In her opening remarks, Hanna Schygulla said she was particularly happy to see packed theatres in Thessaloniki. She then discussed the films that were part of the tribute to her work. The actress said that, in 1978, her relationship with director Reiner Werner Fassbinder was going through a rough patch. “It was a wild time; I wanted to do everything in a movie — act, sing, everything— and the project he had been working on at the time was eventually dropped. So I bought my own camera and started shooting. It was a dream come true for me, to be able to act without any directorial guidance. I was in charge of the direction, the lights, the editing”.
In 2003, New York City’s Museum of Modern Art (MoMA) organised a retrospective to her work and the curators asked her if there was any unknown material they could include in it. That was when those hitherto unknown films were presented for the first time. “This was a rewarding experience, after which I started working again.”
In Hanna Hannah, which has the Holocaust Memorial in Berlin as a background, Ms Schygulla touches on her relationship with Germany’s past. When MoMA asked her to screen it, “I needed no more encouragement. I kept making my own films, one or two a year, especially when I had no other engagements. Shooting those films gave me hope, it made me think that the best is still to come. I was like that ever since I was a child. Even now, this is my mindset.”
Before the screening, Hanna Schygulla asked the audience not to look for perfection in those films. “I did not care about technical mastery, those films were totally handmade, using any material I could get my hands on.” The first part of the honorary screening featuredBiographical Fresco, Me And My Double and At The End, all of them directed by Schygulla. “Biographical Fresco is an autobiography, a portrait, a fresco of myself, using old materials. It is a film about how it all started, from the first snowflake.”
Her film Me And My Double is based on the literature of Polish writer Witold Gombrowicz. “I tried to capture the words someone else wrote, words I identified with and had a magical effect on my life,” said the actress. About her third film, At The End, she said: “The time comes when you see that the end is getting ever closer, and this affects your priorities and your idea about what really matters in life. Life today may be frantic, but personally I do not like to do things in a hurry. Haste ruins my ability to enjoy life.”
After the screening, Ms Schygulla received questions from the audience. A viewer asked her if she had difficulty expressing herself as an artist in the German language. Although the artist belongs to the post-war generation and had no reason to feel guilty, she admitted that “indeed, that was how I felt. The acts of the Nazis left their hideous marks on the entire world. This heritage was a terrible burden.” Commenting on the almost complete annihilation of the Thessaloniki Jewry, she said: “This makes me feel horrible.

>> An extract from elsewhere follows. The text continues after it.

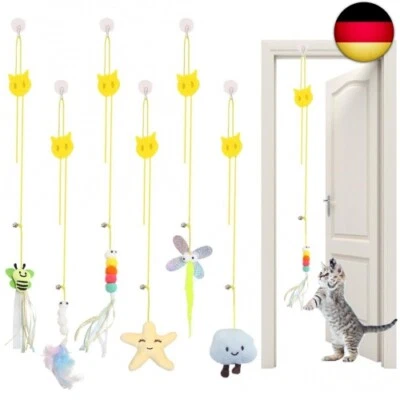 ZDQC 6 Stück Hängendes Katzenspielzeug,Katzenspielzeug Selbstbeschäftigung Hängende T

This is a part of History that Germans of my generation were unable to handle. But it makes no sense to stick to that feeling. Whenever I catch myself feeling ‘superior’, immediately an alarm bell rings inside me and I ponder on those events. Germans are also human beings, however. Not all of them are monsters. But those events showed us how people can be transformed into monsters when they find themselves having to deal with a crisis, a loss or destitution.”
Ms Schygulla added that she feels uncomfortable hearing anyone say “I am proud of my country.” “It makes me a bit scared. I think of Germany after the First World War. Boosting national pride was then the top priority. And I totally mistrust such efforts, because they can so easily slip towards fascism, extremism and terrorism. We are witnessing the emergence of radical movements that want to restore ‘what has been lost’. Every crisis is a great opportunity to move forward, but it also comes with the great danger of becoming attached to parochial beliefs about life in the past and how life should become in the present. My generation did not want to identify with its past. I wanted to be anything else but a German. Which was a good thing, because it made me become always open to difference, and difference has always fascinated me.”

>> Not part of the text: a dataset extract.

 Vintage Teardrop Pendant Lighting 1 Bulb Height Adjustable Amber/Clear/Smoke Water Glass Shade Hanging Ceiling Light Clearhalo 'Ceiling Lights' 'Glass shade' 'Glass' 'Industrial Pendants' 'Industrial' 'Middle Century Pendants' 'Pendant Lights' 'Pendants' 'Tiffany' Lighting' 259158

Answering a question about how she deals with old age anxiety, Ms Schygulla said: “An entire industry profits from our fear of old age. People are willing to do plastic surgery, but they are less willing to operate on their souls and remove what they do not want to keep. Of course it is a fact that, as you age, you lose your sex appeal and your body becomes frail. No woman my age ever looks herself in the mirror without pulling back the skin on her face. You are disinclined to accept the transforming power of gravity on you, but you have no choice. Unless of course you choose a Dorian Gray solution”.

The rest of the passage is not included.